With the days of significance over, both the program and the participants in it were able to see Israel in a different light. We began that different light with a visit to the Begin Centre, an institution dedicated to telling the story of Israel’s first conservative Prime Minister. Unlike some of the other museums we have seen, it wasn’t quite as technologically advanced, but more importantly, it felt to most of us that it dived too deep into the life of someone most of us knew very little about. And whilst a deep dive is good, we may have needed some more context before the visit. Unfortunately that set the tone for some of the intensity that we have felt ever since.
The visit to the Begin Centre was followed immediately by a talk by Rabbi David Rosen, Israel’s pre-eminent interfaith spokesperson, and one of the most erudite and articulate speakers on the topic of understanding the other. In a country as polarised and chaotic as this one, hearing someone so in tune with the politics but so involved with the efforts to understand difference inspired all of us and made us wish that there were more hours in each day. Each of us could have easily spent an hour with him on our own and that still would not have been enough. We needed to finish with him because we had a tour of Yad Vashem to get to. And whilst some of us weren’t even sure why we needed to go to Israel’s Holocaust museum after a week in Poland, it was actually a surprisingly life-affirming visit. Not only is the museum set amongst a beautiful forest with a view, it tells the story of the Holocaust with empathy, meaning and compassion. For two people in our group it was even more meaningful. One found an artefact that belonged to a family member, whilst another discovered that his uncle was in one of the pictures on display. After a week at many of the sites where the images came from, the museum had a new and impactful meaning for us.

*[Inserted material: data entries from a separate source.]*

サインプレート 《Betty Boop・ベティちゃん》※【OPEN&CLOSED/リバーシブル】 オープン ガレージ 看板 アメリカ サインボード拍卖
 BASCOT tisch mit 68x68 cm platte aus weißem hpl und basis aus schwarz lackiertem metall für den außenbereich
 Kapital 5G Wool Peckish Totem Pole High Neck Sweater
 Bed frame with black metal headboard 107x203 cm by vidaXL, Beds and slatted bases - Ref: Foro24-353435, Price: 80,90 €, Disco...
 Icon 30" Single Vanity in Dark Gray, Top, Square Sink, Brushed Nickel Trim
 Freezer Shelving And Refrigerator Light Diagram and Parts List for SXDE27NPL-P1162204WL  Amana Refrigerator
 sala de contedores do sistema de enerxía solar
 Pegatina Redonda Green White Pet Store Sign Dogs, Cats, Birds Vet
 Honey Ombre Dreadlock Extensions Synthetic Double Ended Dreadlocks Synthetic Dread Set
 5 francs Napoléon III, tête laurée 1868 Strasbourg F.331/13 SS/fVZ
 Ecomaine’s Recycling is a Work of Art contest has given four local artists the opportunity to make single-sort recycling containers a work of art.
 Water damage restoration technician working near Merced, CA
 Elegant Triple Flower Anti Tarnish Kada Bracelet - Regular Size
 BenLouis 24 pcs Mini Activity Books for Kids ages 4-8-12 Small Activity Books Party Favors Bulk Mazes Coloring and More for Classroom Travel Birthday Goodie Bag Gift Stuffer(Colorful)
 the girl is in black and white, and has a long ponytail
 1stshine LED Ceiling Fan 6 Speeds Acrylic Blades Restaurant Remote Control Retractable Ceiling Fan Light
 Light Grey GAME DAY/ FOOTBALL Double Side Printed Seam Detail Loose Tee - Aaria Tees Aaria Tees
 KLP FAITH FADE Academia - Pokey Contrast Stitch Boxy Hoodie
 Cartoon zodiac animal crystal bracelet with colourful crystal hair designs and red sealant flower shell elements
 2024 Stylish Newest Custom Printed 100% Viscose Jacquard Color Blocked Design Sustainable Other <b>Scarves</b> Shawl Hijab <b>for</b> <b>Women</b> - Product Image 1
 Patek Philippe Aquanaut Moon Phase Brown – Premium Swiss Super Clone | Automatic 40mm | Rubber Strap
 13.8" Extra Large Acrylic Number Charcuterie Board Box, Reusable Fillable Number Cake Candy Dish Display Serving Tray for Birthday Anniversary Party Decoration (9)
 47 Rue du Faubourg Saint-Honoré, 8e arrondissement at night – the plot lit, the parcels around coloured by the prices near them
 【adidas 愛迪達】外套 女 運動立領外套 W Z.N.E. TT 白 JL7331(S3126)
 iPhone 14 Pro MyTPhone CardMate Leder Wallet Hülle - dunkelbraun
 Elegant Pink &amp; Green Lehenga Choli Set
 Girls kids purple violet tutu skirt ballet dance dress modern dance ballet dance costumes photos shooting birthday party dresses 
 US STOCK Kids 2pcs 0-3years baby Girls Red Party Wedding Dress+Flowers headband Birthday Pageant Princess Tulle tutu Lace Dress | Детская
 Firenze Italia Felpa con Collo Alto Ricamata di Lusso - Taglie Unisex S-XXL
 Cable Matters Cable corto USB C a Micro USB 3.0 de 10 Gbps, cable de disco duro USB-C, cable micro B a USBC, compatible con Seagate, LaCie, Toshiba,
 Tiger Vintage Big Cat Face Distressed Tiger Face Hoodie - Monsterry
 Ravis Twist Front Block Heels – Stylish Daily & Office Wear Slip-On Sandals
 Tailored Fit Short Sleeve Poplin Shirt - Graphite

We then changed tack again and had two interesting and intense presentations, both of which were triggering for some of the people in our group. The first was from an organisation called Kids 4 Peace, which brings together Jewish, Christian and Muslim kids in Jerusalem in a kind of youth movement where they play fun, educational games in order to discuss the conflict of the region, but in a way that makes sense to them. We heard from Ittay Flescher, the Australian educational director of the program, that for many of these kids, this is their only opportunity to seriously interact with these issues. It is a small grassroots organisation that only has an annual intake of 80 kids, but is one of 300 organisations in the country that is trying – at least on some level – to bring people together so that they see there are multiple sides to a story, and so that ultimately a peaceful solution can be found.
To that end, our final speaker for that day was Ahmed Mona, the son of Palestinian bookshop owners, who came to talk to us about ‘the Palestinian perspective’. But as we quickly discovered, much like there is no unified Jewish view on anything, there is equally no monolithic Palestinian perspective. Ahmed presented an idea that he even admitted does not have mainstream support, but it was nonetheless important and interesting for many of us to hear his viewpoint and to discuss the issues with him in a respectful and comfortable environment, even if it did raise within tensions amongst some of us.
We continued the discussion at Ammunition Hill the following morning, but as an antidote to all the talking and thinking, our last stop before Shabbat was Machne Yehuda market in central Jerusalem, and a walk through the streets. No other place in the world compares to the chaos, bedlam and utter havoc of the market on a Friday afternoon, yet somehow it all works and everyone comes out with what they need. Within an hour the noise died down and now we are ready to spend another Shabbat together, this time in Jerusalem amongst all the noise and chaos, and for many of us, nothing could be more beautiful.